Lean Computing for the Cloud

The standard definition of cloud computing is a “paradigm for enabling network access to a scalable and elastic pool of sharable physical or virtual resources with self-service provisioning and administration on demand” (ISO/IEC 17788). This paradigm enables organizations to shift from traditional, capacity-driven operational models to lean, demand-driven operational models. This work adapts lean manufacturing principles across the cloud service delivery chain to achieve the lean cloud computing goal of sustainably achieving the shortest lead time, best quality, and highest customer delight at the lowest cost.

Traditionally, ICT systems were configured with sufficient capacity to serve the forecast demand, plus a safety margin, for the upcoming months, quarters, or perhaps even years. After configuring application and resource capacity to serve that forecast demand, further changes to the configuration were often discouraged to reduce the risk of procedural errors or expositing residual software or documentation defects which might impact production traffic. Thus, significant excess resource and application capacity were often committed that would rarely or never be used, thereby wasting both capital and operating expense.

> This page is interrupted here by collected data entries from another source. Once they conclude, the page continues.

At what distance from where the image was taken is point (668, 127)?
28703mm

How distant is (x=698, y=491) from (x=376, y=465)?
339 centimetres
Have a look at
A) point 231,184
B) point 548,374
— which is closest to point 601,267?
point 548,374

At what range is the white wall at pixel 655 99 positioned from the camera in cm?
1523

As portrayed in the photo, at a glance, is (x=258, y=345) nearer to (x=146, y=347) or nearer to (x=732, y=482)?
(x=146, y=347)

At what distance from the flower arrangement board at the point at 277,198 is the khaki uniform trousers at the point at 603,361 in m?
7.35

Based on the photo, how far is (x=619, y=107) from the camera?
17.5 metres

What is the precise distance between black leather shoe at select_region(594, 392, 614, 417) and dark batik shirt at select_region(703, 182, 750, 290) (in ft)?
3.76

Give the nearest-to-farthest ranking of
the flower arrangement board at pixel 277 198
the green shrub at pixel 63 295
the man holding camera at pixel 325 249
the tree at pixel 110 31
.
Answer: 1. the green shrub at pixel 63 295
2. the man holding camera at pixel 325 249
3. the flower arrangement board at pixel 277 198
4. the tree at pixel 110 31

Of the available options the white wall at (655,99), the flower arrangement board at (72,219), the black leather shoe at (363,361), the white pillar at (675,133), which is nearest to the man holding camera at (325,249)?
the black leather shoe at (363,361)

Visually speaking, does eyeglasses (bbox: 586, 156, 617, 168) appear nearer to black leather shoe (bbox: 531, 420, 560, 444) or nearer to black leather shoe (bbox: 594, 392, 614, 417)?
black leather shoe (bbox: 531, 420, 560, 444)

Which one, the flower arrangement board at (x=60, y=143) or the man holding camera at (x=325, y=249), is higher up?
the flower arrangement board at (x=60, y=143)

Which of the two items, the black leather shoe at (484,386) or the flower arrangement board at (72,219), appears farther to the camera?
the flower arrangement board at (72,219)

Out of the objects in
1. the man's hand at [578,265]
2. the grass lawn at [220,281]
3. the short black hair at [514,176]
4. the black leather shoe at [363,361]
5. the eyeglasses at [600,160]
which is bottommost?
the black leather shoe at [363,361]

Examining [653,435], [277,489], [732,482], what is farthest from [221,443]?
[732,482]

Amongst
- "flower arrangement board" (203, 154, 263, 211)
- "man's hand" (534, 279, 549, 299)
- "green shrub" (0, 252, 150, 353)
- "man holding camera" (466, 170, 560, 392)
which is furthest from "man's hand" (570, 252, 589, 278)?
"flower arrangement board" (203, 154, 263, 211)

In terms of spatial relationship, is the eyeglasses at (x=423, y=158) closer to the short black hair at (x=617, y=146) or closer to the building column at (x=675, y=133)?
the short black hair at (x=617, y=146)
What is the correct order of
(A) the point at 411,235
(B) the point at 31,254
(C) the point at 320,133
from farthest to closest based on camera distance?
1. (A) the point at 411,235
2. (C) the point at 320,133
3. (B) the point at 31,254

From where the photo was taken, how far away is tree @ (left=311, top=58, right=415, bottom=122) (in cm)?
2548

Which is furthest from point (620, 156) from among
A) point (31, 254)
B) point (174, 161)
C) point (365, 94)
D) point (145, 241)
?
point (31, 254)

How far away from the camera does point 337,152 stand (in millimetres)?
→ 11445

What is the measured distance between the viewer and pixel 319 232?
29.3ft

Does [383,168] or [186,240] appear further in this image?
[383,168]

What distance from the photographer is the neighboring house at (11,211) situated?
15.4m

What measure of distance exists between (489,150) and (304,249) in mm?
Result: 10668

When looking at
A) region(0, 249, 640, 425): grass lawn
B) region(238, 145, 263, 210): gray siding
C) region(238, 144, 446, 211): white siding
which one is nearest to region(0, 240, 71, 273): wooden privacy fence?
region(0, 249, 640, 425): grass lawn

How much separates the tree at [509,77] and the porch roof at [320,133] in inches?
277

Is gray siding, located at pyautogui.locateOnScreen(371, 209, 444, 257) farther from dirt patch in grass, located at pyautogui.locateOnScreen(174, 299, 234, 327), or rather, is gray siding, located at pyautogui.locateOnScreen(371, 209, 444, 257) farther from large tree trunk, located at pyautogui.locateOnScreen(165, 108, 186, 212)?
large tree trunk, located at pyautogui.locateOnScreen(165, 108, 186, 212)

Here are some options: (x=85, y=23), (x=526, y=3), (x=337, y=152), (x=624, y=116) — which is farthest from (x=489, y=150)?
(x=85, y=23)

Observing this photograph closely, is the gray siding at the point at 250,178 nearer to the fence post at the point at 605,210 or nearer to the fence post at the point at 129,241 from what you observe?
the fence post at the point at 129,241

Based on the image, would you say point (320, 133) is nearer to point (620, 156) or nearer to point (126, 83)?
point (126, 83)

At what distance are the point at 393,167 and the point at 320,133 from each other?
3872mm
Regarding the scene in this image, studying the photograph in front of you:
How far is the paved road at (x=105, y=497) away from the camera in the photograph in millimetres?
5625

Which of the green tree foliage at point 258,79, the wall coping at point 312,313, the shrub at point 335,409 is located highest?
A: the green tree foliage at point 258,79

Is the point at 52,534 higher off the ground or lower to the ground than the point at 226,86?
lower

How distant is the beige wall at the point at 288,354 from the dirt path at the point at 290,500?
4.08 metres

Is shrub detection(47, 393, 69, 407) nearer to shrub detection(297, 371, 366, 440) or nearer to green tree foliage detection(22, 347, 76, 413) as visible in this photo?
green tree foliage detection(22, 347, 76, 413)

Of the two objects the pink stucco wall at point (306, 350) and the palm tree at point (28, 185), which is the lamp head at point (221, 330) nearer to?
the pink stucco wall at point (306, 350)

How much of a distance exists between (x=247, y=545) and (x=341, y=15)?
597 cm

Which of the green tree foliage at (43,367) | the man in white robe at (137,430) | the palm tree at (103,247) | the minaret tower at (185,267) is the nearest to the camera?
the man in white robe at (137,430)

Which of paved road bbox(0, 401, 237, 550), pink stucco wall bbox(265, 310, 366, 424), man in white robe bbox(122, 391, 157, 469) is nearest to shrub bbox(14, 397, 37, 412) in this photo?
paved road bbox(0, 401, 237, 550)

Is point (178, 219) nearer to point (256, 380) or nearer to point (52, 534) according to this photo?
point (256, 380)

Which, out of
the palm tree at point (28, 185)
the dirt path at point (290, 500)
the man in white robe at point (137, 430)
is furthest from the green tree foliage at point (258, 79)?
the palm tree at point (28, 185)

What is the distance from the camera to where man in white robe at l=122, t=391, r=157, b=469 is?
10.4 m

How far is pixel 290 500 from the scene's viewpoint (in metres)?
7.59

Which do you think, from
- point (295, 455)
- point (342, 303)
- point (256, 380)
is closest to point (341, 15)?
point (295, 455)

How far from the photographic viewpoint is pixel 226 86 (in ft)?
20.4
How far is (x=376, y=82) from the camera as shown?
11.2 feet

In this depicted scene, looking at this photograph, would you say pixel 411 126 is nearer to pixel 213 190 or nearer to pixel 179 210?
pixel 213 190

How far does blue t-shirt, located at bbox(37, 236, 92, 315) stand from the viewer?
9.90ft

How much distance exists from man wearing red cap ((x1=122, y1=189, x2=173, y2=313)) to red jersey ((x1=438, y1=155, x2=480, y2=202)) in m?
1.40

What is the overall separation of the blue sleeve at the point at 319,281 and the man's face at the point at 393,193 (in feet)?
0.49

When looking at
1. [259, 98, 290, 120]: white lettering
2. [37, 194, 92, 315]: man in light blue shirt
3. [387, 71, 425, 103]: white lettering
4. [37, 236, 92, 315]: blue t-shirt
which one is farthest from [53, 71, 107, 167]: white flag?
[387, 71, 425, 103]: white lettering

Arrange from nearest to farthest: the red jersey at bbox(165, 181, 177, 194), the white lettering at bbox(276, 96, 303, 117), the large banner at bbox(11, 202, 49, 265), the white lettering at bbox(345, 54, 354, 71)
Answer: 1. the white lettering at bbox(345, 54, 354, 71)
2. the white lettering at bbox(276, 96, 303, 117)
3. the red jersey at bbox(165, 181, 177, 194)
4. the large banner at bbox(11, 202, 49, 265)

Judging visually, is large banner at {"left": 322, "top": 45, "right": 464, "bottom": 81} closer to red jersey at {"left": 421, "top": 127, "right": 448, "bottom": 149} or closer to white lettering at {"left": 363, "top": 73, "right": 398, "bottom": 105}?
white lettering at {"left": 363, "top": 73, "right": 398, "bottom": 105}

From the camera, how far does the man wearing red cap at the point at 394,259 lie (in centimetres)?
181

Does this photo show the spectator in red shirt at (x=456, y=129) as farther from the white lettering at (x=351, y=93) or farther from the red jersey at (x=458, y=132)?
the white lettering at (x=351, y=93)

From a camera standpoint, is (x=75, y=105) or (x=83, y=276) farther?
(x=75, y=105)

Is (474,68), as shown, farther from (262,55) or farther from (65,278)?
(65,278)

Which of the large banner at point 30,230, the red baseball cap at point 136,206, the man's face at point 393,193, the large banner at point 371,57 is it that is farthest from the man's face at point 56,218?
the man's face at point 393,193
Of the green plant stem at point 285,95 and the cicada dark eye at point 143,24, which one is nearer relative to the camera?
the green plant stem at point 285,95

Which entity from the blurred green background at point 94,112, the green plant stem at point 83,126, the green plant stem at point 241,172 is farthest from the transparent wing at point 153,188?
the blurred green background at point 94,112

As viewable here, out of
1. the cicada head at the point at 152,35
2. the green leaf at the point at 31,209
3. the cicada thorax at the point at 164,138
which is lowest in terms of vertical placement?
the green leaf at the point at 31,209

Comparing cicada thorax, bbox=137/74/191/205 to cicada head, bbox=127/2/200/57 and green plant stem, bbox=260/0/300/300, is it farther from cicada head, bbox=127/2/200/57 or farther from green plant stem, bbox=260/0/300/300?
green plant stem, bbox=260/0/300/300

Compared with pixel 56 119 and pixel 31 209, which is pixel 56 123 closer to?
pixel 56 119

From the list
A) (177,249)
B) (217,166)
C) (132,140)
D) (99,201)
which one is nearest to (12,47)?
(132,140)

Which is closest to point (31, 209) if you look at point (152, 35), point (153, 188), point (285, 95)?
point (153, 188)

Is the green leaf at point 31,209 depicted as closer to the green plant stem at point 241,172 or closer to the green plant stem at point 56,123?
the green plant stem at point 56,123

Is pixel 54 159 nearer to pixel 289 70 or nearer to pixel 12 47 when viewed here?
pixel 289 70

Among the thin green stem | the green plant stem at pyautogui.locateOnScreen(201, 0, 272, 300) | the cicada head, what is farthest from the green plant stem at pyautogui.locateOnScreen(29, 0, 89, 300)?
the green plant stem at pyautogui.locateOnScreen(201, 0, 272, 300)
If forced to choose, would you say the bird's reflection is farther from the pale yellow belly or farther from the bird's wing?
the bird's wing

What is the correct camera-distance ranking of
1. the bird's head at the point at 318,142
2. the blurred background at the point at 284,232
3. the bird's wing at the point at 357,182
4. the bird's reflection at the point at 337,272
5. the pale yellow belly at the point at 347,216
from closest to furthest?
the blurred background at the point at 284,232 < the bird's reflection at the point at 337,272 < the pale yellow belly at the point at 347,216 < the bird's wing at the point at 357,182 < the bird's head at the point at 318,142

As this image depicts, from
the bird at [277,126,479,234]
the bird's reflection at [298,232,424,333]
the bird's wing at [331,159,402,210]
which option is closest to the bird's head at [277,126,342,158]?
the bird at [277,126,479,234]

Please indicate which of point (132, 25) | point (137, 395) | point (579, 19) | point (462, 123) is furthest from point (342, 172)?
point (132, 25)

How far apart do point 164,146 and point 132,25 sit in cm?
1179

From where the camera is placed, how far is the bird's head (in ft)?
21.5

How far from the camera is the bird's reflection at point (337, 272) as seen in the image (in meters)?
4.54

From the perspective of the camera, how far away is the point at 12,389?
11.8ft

Lean computing pivots from the traditional build-for-peak, supply-oriented operating model to a just-in-time, demand-driven operating model. Lean cloud computing enables sustainable efficiency improvements that are essential when offering service into a competitive and cost-sensitive market.

This work considers lean cloud computing via three interlocking threads of analysis:

Methodically applying lean (i.e., Toyota production system) thinking to the cloud service delivery chain, especially regarding rapid elasticity and scaling. This is the focus of Chapter 3: Lean Thinking on Cloud Capacity Management, Chapter 4: Lean Cloud Capacity Management Strategy, Chapter 7: Lean Demand Management, Chapter 8: Lean Reserves, and Chapter 10: Lean Cloud Capacity Management Performance Indicators.
Applying insights from electric power generation and grid operations to cloud infrastructure operations. This is the focus of Chapter 5: Electric Power Generation as Cloud Infrastructure Analog and Chapter 9: Lean Infrastructure Commitment.
Applying insights from inventory management to cloud capacity management. This is the focus of Chapter 6: Application Capacity Management as an Inventory Management Problem.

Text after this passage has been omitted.